**DATA EXTRACT**:
+ + + + +
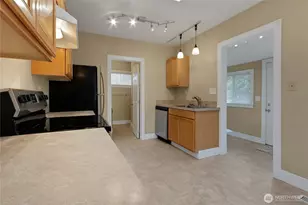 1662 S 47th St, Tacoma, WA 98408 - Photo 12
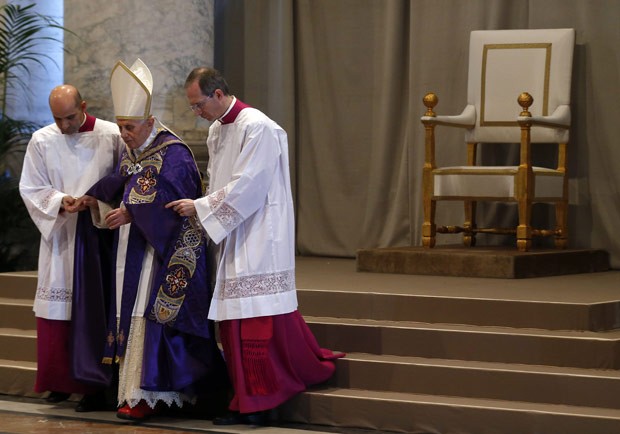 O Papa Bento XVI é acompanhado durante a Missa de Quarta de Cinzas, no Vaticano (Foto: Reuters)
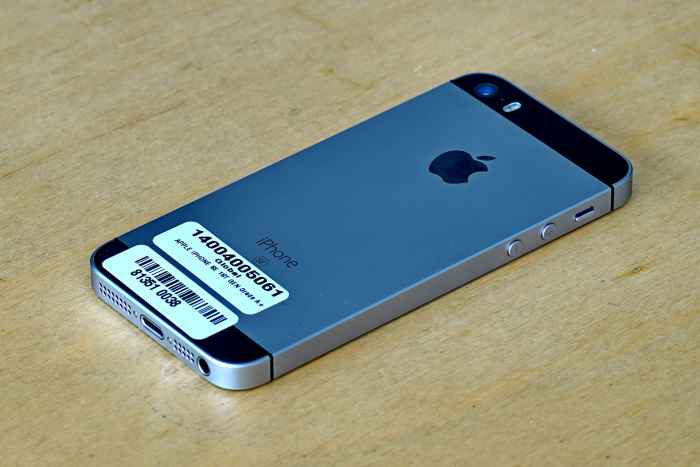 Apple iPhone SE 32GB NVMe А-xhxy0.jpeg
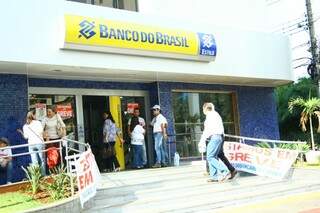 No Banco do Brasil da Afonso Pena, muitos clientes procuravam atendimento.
+ + + + +
**PROBLEM DETAILS**: Would you return the material above exactly, apart from its pictures?

**COMPLETED EXERCISE**:
 1662 S 47th St, Tacoma, WA 98408 - Photo 12
 O Papa Bento XVI é acompanhado durante a Missa de Quarta de Cinzas, no Vaticano (Foto: Reuters)
 Apple iPhone SE 32GB NVMe А-xhxy0.jpeg
 No Banco do Brasil da Afonso Pena, muitos clientes procuravam atendimento.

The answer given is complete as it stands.